# Impeller Mod material



## Nick Karahalios (Nov 21, 2019)

I did the famous impeller mod on ym Ariens 1332 at the start of the season and have been very impressed with it. Used a kit off ebay that included 2 pieces of 2" wide 3/8" rubber and mounting hardwear. With how well it has worked, I have another I want to do along with a couple of coworkers machines. To make it cost effective I'd like to find the rubber material myself. I have found this precut 2" wide rubber sheet off amazon for 13ish $. Wondering if it will do the job, or if anyone has found something that can be purchased at a local Tractor supply or homegoods store.


----------



## Oneacer (Jan 3, 2011)

I have material still sitting in my shop if I ever decide to do an impeller mod, but to be honest, I really don't have the need. I only have a double driveway, and have no issue throwing snow past it with any of my machines.

If you are looking for a good material, go to a local truck stop, or truck repair shop, they will probably give you an old ripped truck mud flap. I drove for a living, and that is thin gauge quality rubber, with imbedded reinforcement, which can be easily cut and drilled, yet heavy enough to use it for impeller extensions ... all probably for free. I have material from the Railroad which I obtained before I retired, very similar in composition.


----------



## gibbs296 (Jun 22, 2014)

Single stage Toro old paddle worked for me and at no cost.


----------



## Oneacer (Jan 3, 2011)

@gibbs,

Using a paddle material for the same purpose would certainly be the way to go if they can obtain that material for sure. 

Many in the country that might have access to farm implement belting is another source of material if need be.


----------



## toromike (Aug 20, 2018)

Some people have used this baler belting
https://www.tractorsupply.com/tsc/product/wcco-belting-baler-belting-2-ply-4-in-x-60-in
I think it's a little less than 3/8 inch thick.
I have used single stage paddle material from a Toro S200 (2 5/8 inch wide, 0.270 inch thick), it works very well. It's available.


----------



## KennyW in CT (Feb 24, 2015)

I use old mud flaps or Truck dock bumper rubber.


----------



## skutflut (Oct 16, 2015)

Tractor Supply has baler belt in 5 ft. rolls, enough to make impeller kits for the rest of your life. Works great. I have also used a light duty truck reinforced mudflap that I cut into the required sizes, also worked well. Baler belt is easier cutting to get to the correct dimensions and to add the nooks and crannies mine needed.


----------



## Grunt (Nov 11, 2013)

Some people have used the sidewall of automotive tires if they don't have to much curvature.


----------



## Tony P. (Jan 9, 2017)

I suggest looking on eBay. There are many listings for SBR in 3/8" thickness, 2" wide, 36" long strips for close to $20. This means you can do several machines with minimal cutting or waste - 9 paddles of 4" or 7 paddles of 5". In my opinion SBR is the preferred rubber for this project due to its abrasion resistance, impact strength, resilience, and high tensile strength. In case you're not familiar, SBR is used in car tires and rubber shoe soles. Maybe most important, snow plow blades are made of SBR.

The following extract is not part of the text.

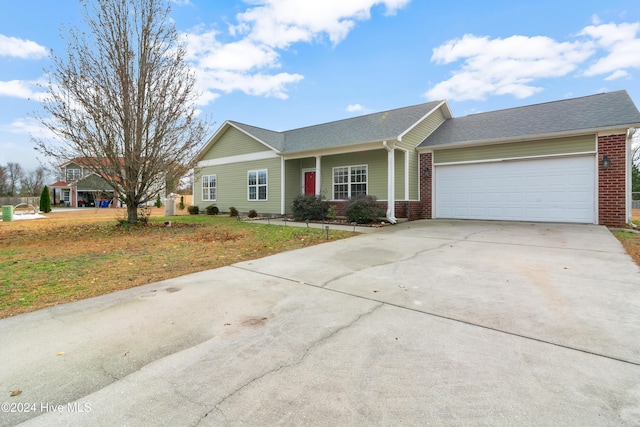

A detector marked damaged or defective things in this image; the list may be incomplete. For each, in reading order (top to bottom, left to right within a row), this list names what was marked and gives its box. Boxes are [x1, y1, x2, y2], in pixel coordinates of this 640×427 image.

driveway crack [192, 302, 382, 426]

BTW, make certain to use stainless steel hardware.


----------



## badbmwbrad (Jul 30, 2019)

https://www.tractorsupply.com/tsc/product/wcco-belting-baler-belting-2-ply-4-in-x-60-in
WCCO Belting Baler Belting, 2-Ply, 4 in. x 60 in. Other sizes available too.


----------



## melson (Feb 9, 2015)

I'll second @Tony P. Did the impeller mod 7 years ago with this stuff and it's showing minimal wear. Can't remember the thickness, it was left over from a job, maybe 1/2 inch.


----------



## 1132le (Feb 23, 2017)

did my oldest impeller kit 10 yrs ago there is no wear
none of the others 10 plus done the same way have any issues either ( for iam worried crowd) dont use tek screws they wont hold, why didnt ariens do this it must be unsafe, things can fly out of there dont do it ( buncha bs)

made out of a car tire free
2 tek screws in each paddle with washers never came loose
pretty simple pretty much free


----------



## Tony P. (Jan 9, 2017)

I've seen several posts on using ply or belting material. Hopefully I'll avoid a discussion the finer points of rubber construction but I need to make a comment on the need to avoid ply or belting material. I believe either ply or belting material reduces or even eliminates the benefit of the impeller modification and should be avoided because of its flexibility.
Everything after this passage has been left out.